Description of the task: The required output is the exact run of lines from the one that contains "Kinderhose Pure darkcamo - Brandit" to the end of the data, with every picture left out.

Input data:
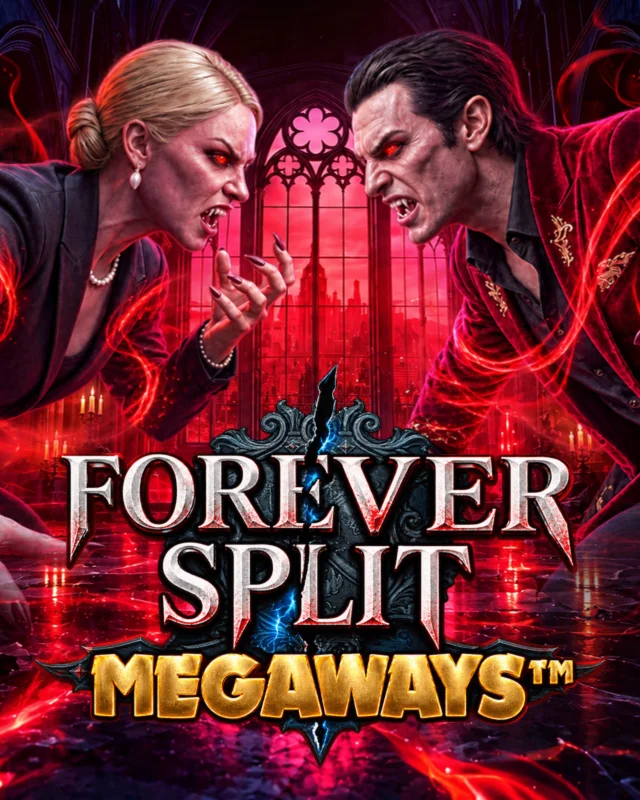Forever Split Megaways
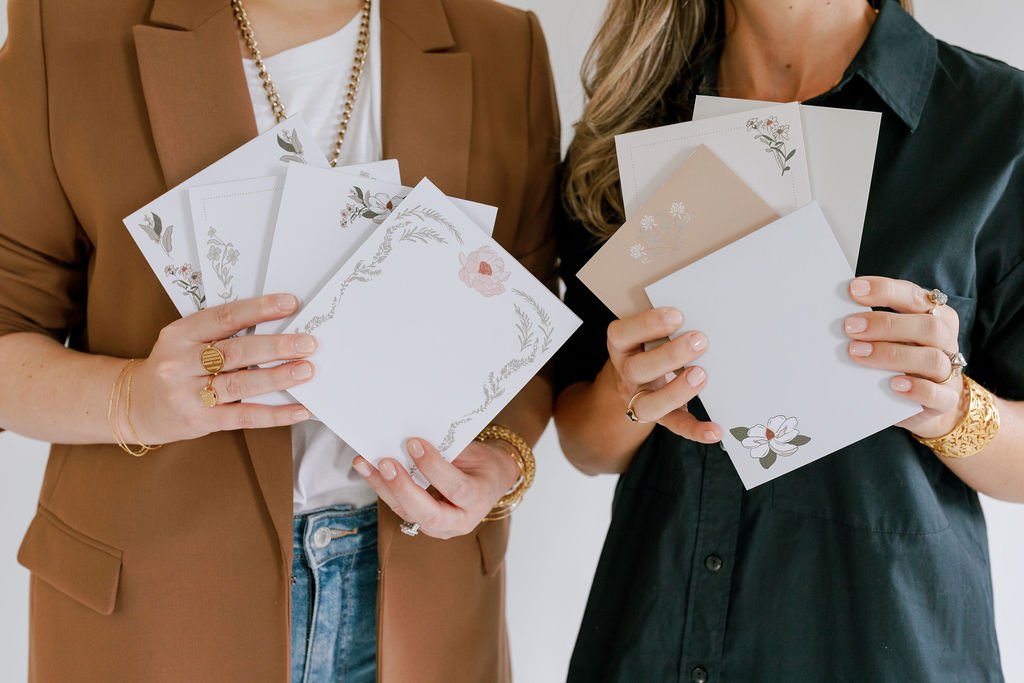 a best day wholesale notepads floral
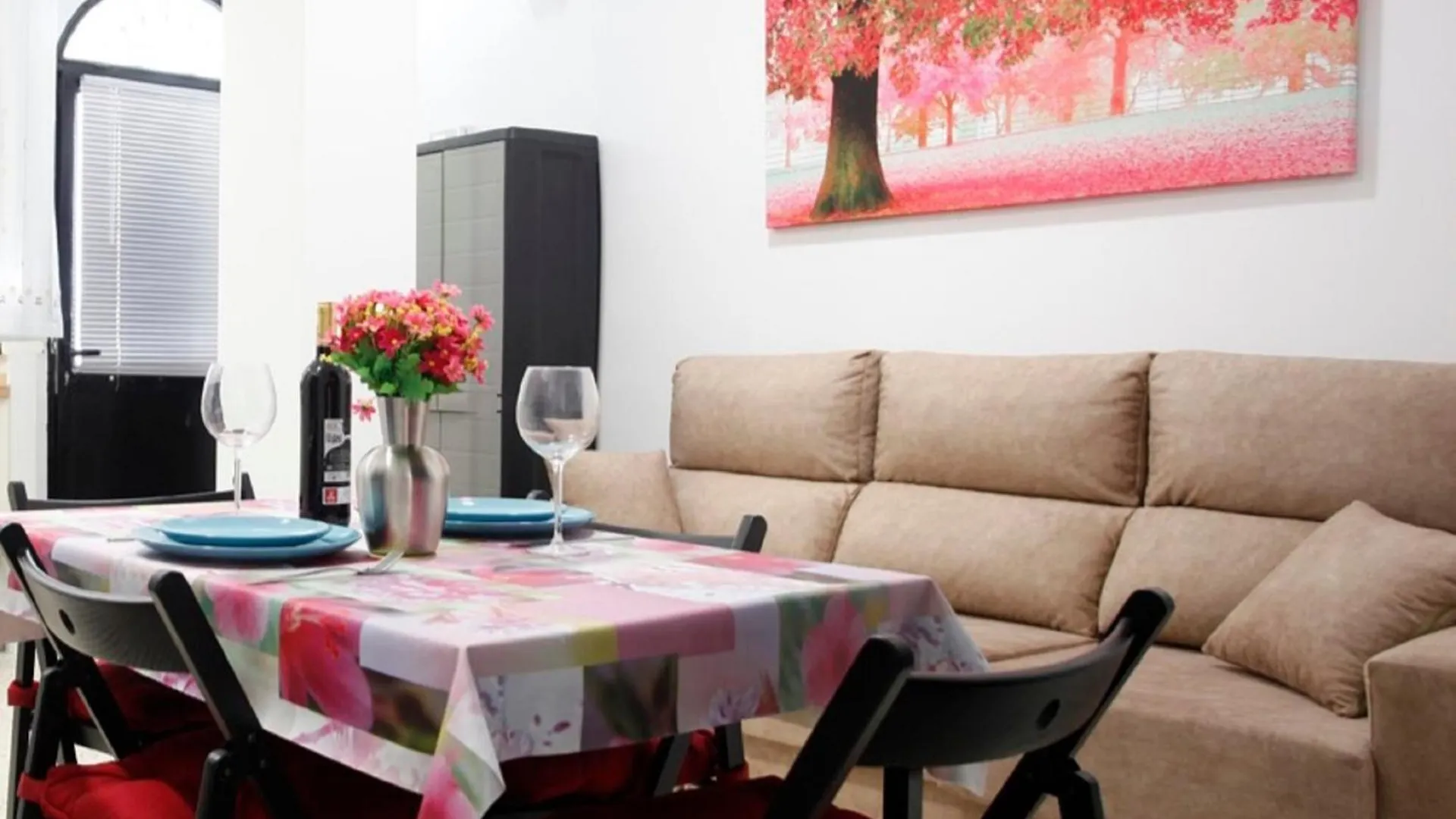 Albatros Playa Club Apartment Benalmadena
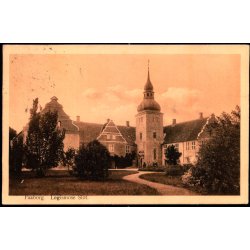 Faaborg - Lgismose Slot - Alex Vincent 460 - Brugt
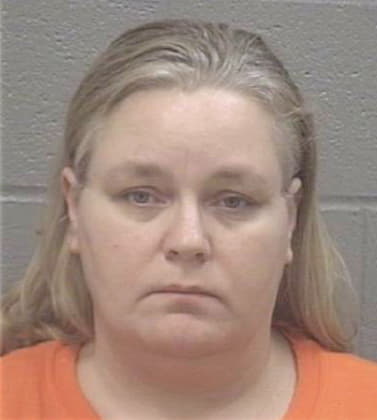 Wiggins Teena - Columbia County, GA 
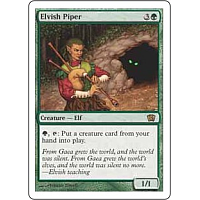Elvish Piper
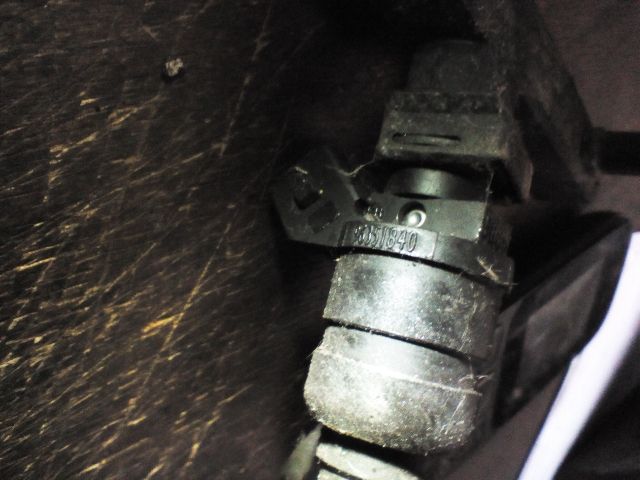 bontott DAEWOO MATIZ Porlasztó (1 db)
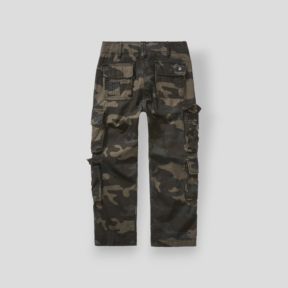 Kinderhose Pure darkcamo - Brandit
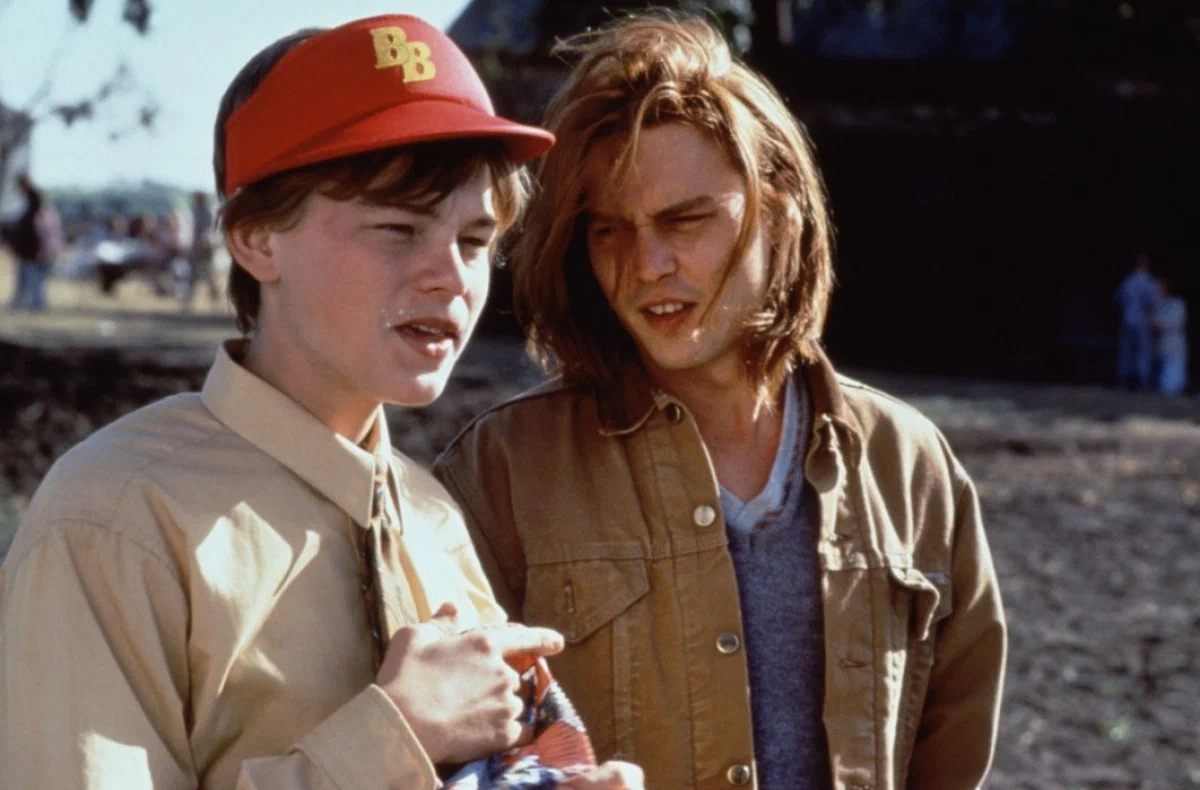 Художник из «Титаника» и брокер из «Волка с Уолл-Стрит»: за какие роли мы любим Леонардо Ди Каприо (фото 1)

Exercise output:
 Kinderhose Pure darkcamo - Brandit
 Художник из «Титаника» и брокер из «Волка с Уолл-Стрит»: за какие роли мы любим Леонардо Ди Каприо (фото 1)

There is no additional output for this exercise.